Ranga RamanujamNASHVILLE, Tenn. – Try asking any Monday morning quarterback about blown fourth-down play calls in the NFL and you are guaranteed passionate opinions. In most fourth-down plays, an NFL team will punt or try for a field goal. But, occasionally, teams decide to do something that is viewed as risky—attempt a fourth-down conversion or “go for it.”

Vanderbilt Owen Graduate School of Management professor Ranga Ramanujam, David Lehman from The National University of Singapore and other researchers studied 22,603 fourth-down decisions over five NFL seasons to understand when teams were more likely to attempt a seemingly risky fourth-down conversion. The goal is to apply this research to organizations. These findings are reported in a forthcoming study in Organization Science.

They report that teams who were behind were generally more likely to go for it on a fourth-down and the more points behind a team was to their opponent, the more likely a team was to go for it. This effect became stronger as the game progressed. In other words, a trailing team was more likely to go for it later in the game rather than earlier in the game. Interestingly, this was only the case for teams trailing by a margin of about three touchdowns or less. Teams trailing by wider margins actually became less and less likely to go for it as the game progressed.

“The idea here is that as the deadline approaches, the time available begins to factor in to the decision to try something different in response to underperformance,” said Ramanujam.

The results suggest that as the game clock runs down, teams within striking distance of their opponent grow more and more eager to try out risky plays that might help them win the game at hand. However, teams outside that striking distance grow increasingly concerned with “saving face” or avoiding a risky move that might backfire and make them look stupid.
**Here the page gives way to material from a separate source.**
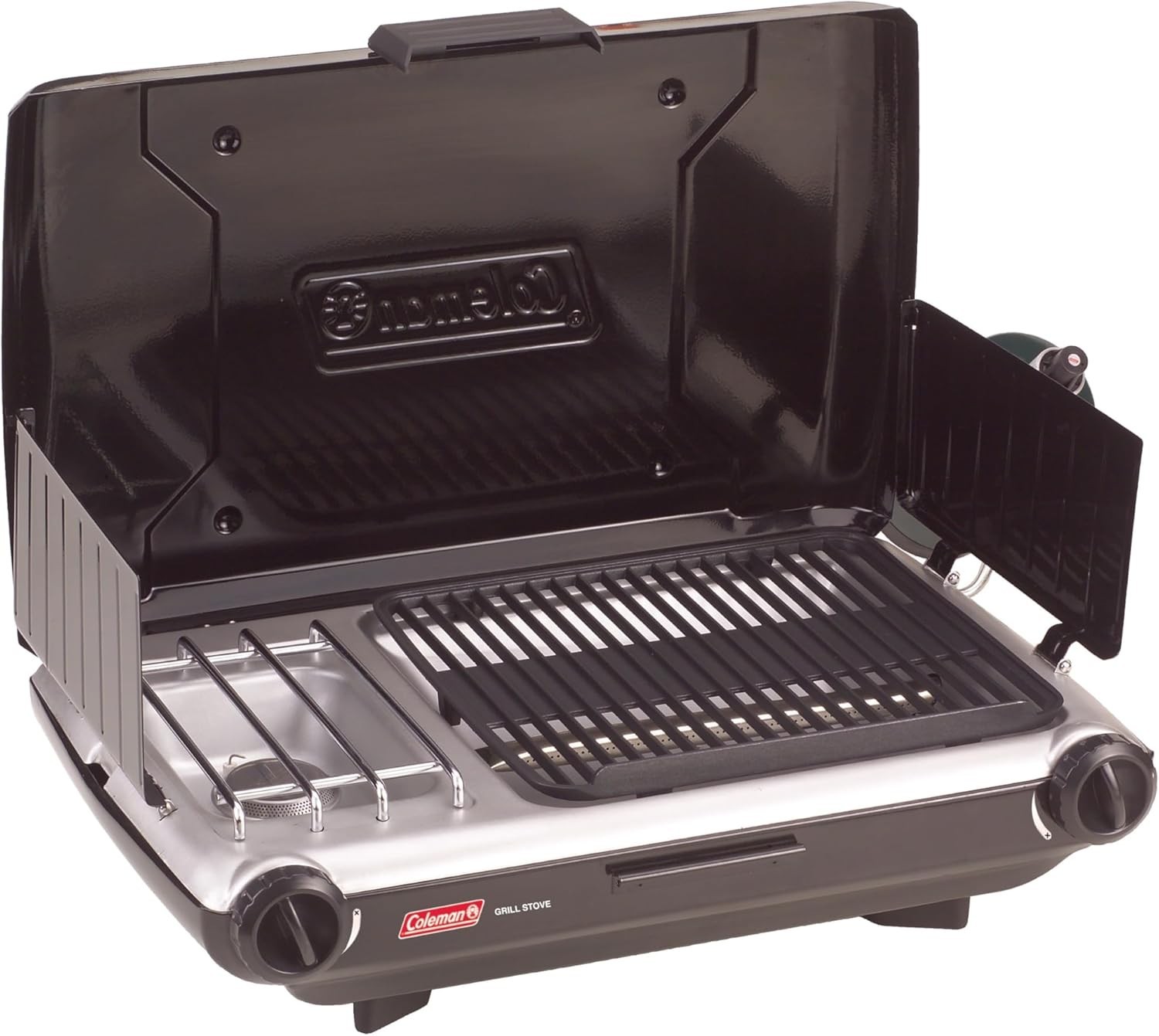 Tabletop 2-In-1 Camping Grill/Stove, 2-Burner Propane Grill & Stove with Adjusta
“We argue that this same tension between chasing organizational goals and avoiding reputational threats can help us understand risk-taking behaviors in other types of organizations,” said Lehman.

The goal of the study was to understand how risky organizational decisions might be shaped by performance feedback (i.e., the extent to which current performance is above or below the aspired level of performance) and deadline proximity (i.e., time remaining before an important deadline such as an earnings report date.)

“We know that deadlines play an important role in organizational life. Part of what we’re trying to understand is how deadlines affect the well-known relationship between under-performance and risk-taking,” said Ramanujam. “In other words, when are organizations more likely to deviate from routines? This is an important question for understanding a variety of important organizational outcomes such as innovation, change and fraud.”

Ramanujam is quick to acknowledge, “Although many managers have a natural talent for finding a football analogy for every business situation, football games are very different from the operations of business organizations. However, they are sufficiently similar in some key respects to make these findings potentially relevant to business organizations.”

For instance, fourth-down decisions typically are organizational decisions in that they are based on the inputs of various people on and off the field and are based on performance relative to a target and in reference to a deadline.

Ramanujam also notes that unlike prior studies that analyzed whether fourth-down conversions are as risky as they are made out to be, this study was about understanding when teams were more likely to go for it.

“What is especially relevant to our study is that teams treat this as a non-routine choice. In more than 80 percent of fourth-down plays, the teams punted the ball,” said Ramanujam.

The paper is titled “The Dynamics of the Performance-Risk Relationship within a Performance Period: The Moderating Role of Deadline Proximity.”